-------- Exercise material --------
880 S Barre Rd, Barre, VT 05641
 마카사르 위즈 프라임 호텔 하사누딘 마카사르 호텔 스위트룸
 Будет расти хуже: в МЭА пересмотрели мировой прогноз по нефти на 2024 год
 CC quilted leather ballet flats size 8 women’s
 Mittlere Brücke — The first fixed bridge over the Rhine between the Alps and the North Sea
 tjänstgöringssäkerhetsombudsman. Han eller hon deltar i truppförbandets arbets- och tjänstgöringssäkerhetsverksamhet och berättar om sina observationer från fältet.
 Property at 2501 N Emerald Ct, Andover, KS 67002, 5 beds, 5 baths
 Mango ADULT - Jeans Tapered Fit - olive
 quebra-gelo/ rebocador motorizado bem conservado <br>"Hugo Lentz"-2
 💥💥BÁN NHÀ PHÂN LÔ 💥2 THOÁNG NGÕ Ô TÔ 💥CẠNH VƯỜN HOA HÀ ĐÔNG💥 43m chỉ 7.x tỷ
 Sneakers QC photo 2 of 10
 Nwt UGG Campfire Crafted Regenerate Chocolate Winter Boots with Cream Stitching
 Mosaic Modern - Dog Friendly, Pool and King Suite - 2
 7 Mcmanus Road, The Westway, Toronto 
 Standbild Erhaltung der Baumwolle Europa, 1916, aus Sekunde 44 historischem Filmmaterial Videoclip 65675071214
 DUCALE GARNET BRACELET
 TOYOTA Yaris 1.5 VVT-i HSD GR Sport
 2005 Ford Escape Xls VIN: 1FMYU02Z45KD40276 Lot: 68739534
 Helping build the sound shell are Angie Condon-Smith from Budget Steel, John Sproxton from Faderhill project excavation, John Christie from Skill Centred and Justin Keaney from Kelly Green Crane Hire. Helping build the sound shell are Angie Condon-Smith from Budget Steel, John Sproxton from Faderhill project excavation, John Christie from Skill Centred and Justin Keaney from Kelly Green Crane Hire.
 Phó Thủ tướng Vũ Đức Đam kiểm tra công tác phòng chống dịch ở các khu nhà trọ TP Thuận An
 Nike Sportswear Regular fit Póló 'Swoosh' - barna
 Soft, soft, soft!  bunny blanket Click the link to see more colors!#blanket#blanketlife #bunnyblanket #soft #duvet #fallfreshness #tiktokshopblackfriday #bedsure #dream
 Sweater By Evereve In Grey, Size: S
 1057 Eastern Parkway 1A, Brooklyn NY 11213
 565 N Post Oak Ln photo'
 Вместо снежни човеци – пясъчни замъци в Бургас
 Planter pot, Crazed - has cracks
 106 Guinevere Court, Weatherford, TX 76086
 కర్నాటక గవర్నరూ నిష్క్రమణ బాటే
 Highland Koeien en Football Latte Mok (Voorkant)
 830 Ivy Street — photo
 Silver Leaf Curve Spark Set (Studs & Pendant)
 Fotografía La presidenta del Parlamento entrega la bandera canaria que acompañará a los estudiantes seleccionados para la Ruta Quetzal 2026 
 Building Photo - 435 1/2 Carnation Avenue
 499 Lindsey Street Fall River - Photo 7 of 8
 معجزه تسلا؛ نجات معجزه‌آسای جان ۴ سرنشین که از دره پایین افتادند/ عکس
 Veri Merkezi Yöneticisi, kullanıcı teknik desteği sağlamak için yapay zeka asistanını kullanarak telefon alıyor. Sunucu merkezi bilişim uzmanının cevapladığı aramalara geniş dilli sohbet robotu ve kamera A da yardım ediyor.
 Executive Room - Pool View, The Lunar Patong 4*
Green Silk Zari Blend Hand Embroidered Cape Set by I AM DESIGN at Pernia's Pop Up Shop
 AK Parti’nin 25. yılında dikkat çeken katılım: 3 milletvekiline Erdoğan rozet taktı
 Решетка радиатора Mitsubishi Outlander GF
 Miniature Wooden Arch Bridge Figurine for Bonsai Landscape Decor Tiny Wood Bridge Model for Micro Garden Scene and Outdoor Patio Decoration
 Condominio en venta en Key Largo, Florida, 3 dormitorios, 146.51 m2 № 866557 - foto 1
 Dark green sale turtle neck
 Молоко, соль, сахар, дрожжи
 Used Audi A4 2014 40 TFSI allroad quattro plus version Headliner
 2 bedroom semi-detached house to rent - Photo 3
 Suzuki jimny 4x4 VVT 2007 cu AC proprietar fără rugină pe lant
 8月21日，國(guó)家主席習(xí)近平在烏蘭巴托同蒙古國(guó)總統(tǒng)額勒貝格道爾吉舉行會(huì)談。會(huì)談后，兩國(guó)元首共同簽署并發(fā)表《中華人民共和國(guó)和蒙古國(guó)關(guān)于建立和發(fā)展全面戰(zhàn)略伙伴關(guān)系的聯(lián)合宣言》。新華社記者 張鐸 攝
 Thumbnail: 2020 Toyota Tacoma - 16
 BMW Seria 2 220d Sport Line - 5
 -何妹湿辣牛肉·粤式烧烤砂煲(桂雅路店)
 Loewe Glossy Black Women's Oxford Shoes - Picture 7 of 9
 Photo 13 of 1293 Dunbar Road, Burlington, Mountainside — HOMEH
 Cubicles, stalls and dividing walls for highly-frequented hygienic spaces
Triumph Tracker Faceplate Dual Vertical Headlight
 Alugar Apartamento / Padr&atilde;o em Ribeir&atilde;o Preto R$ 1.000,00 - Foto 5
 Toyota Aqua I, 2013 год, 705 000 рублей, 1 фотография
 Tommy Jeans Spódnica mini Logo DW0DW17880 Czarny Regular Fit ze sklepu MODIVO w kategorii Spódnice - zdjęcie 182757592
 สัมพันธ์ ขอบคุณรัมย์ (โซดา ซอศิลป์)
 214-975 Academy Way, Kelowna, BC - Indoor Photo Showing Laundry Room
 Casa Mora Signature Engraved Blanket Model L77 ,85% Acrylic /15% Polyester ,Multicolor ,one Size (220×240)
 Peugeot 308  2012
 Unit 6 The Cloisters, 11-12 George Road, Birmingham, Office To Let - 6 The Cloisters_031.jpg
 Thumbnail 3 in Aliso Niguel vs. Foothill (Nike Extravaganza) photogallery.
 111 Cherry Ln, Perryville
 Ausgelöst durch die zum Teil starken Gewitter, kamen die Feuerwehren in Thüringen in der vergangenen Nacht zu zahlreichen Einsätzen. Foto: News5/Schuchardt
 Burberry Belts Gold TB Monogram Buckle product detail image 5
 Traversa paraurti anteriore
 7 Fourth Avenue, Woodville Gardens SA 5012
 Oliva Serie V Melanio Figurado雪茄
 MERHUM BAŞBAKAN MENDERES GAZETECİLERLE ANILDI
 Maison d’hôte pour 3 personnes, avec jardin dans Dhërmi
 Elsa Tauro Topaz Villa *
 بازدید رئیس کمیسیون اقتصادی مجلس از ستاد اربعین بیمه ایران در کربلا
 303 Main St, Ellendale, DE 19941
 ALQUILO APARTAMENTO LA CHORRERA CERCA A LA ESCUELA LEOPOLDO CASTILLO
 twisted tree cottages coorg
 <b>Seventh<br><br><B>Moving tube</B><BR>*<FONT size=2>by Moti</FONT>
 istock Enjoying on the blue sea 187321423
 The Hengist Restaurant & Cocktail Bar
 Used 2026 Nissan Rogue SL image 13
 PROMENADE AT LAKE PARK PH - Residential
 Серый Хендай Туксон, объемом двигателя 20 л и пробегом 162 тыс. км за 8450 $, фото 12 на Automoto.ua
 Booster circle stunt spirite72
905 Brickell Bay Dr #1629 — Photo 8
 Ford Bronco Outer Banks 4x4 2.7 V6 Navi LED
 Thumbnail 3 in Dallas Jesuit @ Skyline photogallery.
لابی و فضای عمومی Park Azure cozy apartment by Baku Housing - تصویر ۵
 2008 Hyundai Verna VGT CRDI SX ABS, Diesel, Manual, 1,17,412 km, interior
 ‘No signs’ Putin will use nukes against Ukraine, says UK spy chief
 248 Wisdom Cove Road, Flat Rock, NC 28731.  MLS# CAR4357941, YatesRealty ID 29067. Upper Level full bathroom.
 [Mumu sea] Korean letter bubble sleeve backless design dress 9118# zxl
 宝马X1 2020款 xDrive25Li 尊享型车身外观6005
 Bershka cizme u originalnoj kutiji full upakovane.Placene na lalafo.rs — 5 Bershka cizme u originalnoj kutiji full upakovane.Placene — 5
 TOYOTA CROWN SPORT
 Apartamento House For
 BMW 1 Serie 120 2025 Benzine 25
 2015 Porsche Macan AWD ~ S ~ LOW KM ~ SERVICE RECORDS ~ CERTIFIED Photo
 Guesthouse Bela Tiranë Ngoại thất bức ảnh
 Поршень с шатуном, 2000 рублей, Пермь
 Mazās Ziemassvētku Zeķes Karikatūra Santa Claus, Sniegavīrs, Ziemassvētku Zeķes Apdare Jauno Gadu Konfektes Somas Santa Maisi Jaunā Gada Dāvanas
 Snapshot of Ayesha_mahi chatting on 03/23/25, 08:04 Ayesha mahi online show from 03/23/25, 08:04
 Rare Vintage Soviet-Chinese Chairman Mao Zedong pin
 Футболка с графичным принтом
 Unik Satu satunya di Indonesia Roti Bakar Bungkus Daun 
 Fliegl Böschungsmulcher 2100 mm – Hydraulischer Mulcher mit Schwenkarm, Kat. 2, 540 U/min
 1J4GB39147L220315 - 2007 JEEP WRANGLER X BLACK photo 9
--------
**What is needed:**
Only the lines above, from the first through the one holding "Nike Sportswear Regular", are to be output, and they must be copied exactly.

**Result:**
880 S Barre Rd, Barre, VT 05641
 마카사르 위즈 프라임 호텔 하사누딘 마카사르 호텔 스위트룸
 Будет расти хуже: в МЭА пересмотрели мировой прогноз по нефти на 2024 год
 CC quilted leather ballet flats size 8 women’s
 Mittlere Brücke — The first fixed bridge over the Rhine between the Alps and the North Sea
 tjänstgöringssäkerhetsombudsman. Han eller hon deltar i truppförbandets arbets- och tjänstgöringssäkerhetsverksamhet och berättar om sina observationer från fältet.
 Property at 2501 N Emerald Ct, Andover, KS 67002, 5 beds, 5 baths
 Mango ADULT - Jeans Tapered Fit - olive
 quebra-gelo/ rebocador motorizado bem conservado <br>"Hugo Lentz"-2
 💥💥BÁN NHÀ PHÂN LÔ 💥2 THOÁNG NGÕ Ô TÔ 💥CẠNH VƯỜN HOA HÀ ĐÔNG💥 43m chỉ 7.x tỷ
 Sneakers QC photo 2 of 10
 Nwt UGG Campfire Crafted Regenerate Chocolate Winter Boots with Cream Stitching
 Mosaic Modern - Dog Friendly, Pool and King Suite - 2
 7 Mcmanus Road, The Westway, Toronto 
 Standbild Erhaltung der Baumwolle Europa, 1916, aus Sekunde 44 historischem Filmmaterial Videoclip 65675071214
 DUCALE GARNET BRACELET
 TOYOTA Yaris 1.5 VVT-i HSD GR Sport
 2005 Ford Escape Xls VIN: 1FMYU02Z45KD40276 Lot: 68739534
 Helping build the sound shell are Angie Condon-Smith from Budget Steel, John Sproxton from Faderhill project excavation, John Christie from Skill Centred and Justin Keaney from Kelly Green Crane Hire. Helping build the sound shell are Angie Condon-Smith from Budget Steel, John Sproxton from Faderhill project excavation, John Christie from Skill Centred and Justin Keaney from Kelly Green Crane Hire.
 Phó Thủ tướng Vũ Đức Đam kiểm tra công tác phòng chống dịch ở các khu nhà trọ TP Thuận An
 Nike Sportswear Regular fit Póló 'Swoosh' - barna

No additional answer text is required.